Gestion de l’Etat : Ouattara ne fera pas mieux que Gbagbo !

Je n’imagine pas les ‘’dégâts émotionnels’’ que pourrait susciter le titre de cet billet dans la tête des fanatiques du pouvoir Ouattara et des titrologues. Loin de vous faire plaisir, je pense qu’il faut avoir le courage d’appeler les choses par leur nom. [Ce que vous allez lire n’est pas un pamphlet !]

C’est vrai, un travail remarquable a été fait et continue d’être réalisé en matière d’infrastructure en Côte d’Ivoire. Il faut le reconnaître. Mais c’est peut-être la face visible de l’iceberg. Car, depuis l’accession du président Alassane Ouattara à la tête de la magistrature suprême, il y a du bitume par ici et par là, des échangeurs ça et là, un nouveau pont à péage, des autoroutes à péage, des bâtiments rénovés… mais dire que le système de gestion de l’Etat à changer, c’est se foutre un doigt dans l’œil. Bien au contraire, la vie devient de plus en plus difficile avec les taxes douanières créées à l’emporte-pièce au port et à l’aéroport, l’augmentation du kilowattheure, l’arnaque du Ministre des Transports sur le permis de conduire, le chômage à grande échelle, le népotisme, le cumul des postes, la promotion de la médiocrité et la corruption qui monte en puissance à tous les niveaux de la société ivoirienne. Hélas, les mêmes causes produisent toujours les mêmes effets…

Comme le dit si bien, le commun des mortels, l’administration est une continuité parce que si les hommes passent, l’institution, elle, elle demeure. Ce qui est une vérité. Partant de là, faut-il croire que ce facteur de changement peut avoir un impact sur un système solidement implanté dans une administration fut-elle ivoirienne? Avant le deuxième quinquennat du président Ouattara je répondrai par le « oui ». Non pas parce que je suis un militant de son parti, le RDR, juste parce qu’on s’attendait à l’homme de l’époque Houphouët-Boigny. Celui-là même qui s’était montré rigoureux, intransigeant sur certains détails face à des hommes qu’il fallait mettre au pas pour aider le pays à se tirer de la récession économique des années 90. C’était l’homme de la situation à qui le père fondateur de la Côte d’Ivoire avait fait appel pour l’aider à mettre fin à la gabegie, aux gaspillages des ressources de l’Etat et aux malversations. Bref, il a été donc le 1er Premier ministre du président Félix Houphouët-Boigny qui a fait ses preuves.
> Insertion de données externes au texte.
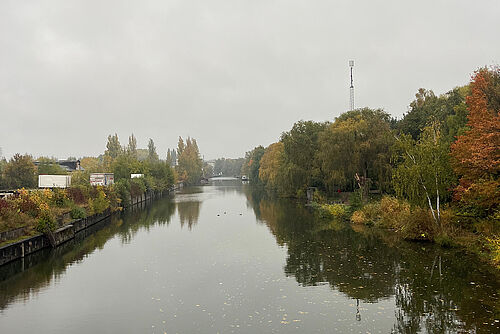 Der Veringkanal im Hamburger Stadtteil Wilhelmsburg.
Ouattara, devenu l’incontrôlable président !

A vrai dire, je n’ai pas connu Alassane Ouattara à cette époque du fait de mon jeune âge, parce qu’encore à l’école primaire. C’est plus tard que nos parents fonctionnaires nous ont retracé ce à quoi les populations en générale ont fait face lorsqu’il est fraîchement venu de la Banque centrale des États de l’Afrique de l’Ouest (BCEAO) où il occupait le poste de Gouverneur, auparavant au Fonds Monétaire international (FMI). Là où ‘’Wat l’Africain’’ occupait le prestigieux poste de Directeur général adjoint (DGA) au Etats-Unis. J’ai encore en mémoire les propos du genre « avec Ouattara, chacun est à son poste à l’heure du lundi au vendredi » ; « avec Ouattara, les véhicules de service immatriculés plaques jaunes n’étaient pas attribués à n’importe qui » ; « avec Ouattara, on ne se ballade pas avec les voitures de service de l’Etat » ; « avec Ouattara, on a connu le raccrochage des enseignants » etc… Tout cela montrait à quel point ‘’l’homme de caractère’’, en son temps, avait fini par mettre les Ivoiriens au travail et mis de l’ordre dans l’administration ivoirienne sans vouloir se faire aimer. Je m’interroge comment a-t-il réussi sa mission ? Est-ce parce qu’il était contrôlable, parce que n’étant pas « président de la République » mais un « Premier ministre » sous la responsabilité de Nanan Boigny ?

Lorsque ADO était sous le contrôle du président Houpouët-Boigny. PH: DR
Lorsque ADO était sous le contrôle du président Houpouët-Boigny. PH: DR

18 ans après, de 1993 à 2011, Alassane Ouattara a quitté son fauteuil de Premier ministre pour devenir président de la République de Côte d’Ivoire. Mais bien avant qu’il ne gagne en grade, de l’eau a coulé sous les ponts. Au finish, « le sauveur » ou  « l’enfant prodigue » est arrivé aux affaires, aux commandes d’un pays où tout semblait sens dessus dessous à tous les niveaux. De la rue à l’administration, désordre, anarchie, vandalisme, lourdeur, corruption, détournements étaient les maîtres mots d’un pays jadis présenté comme le modèle parfait à suivre dans la région ouest africaine.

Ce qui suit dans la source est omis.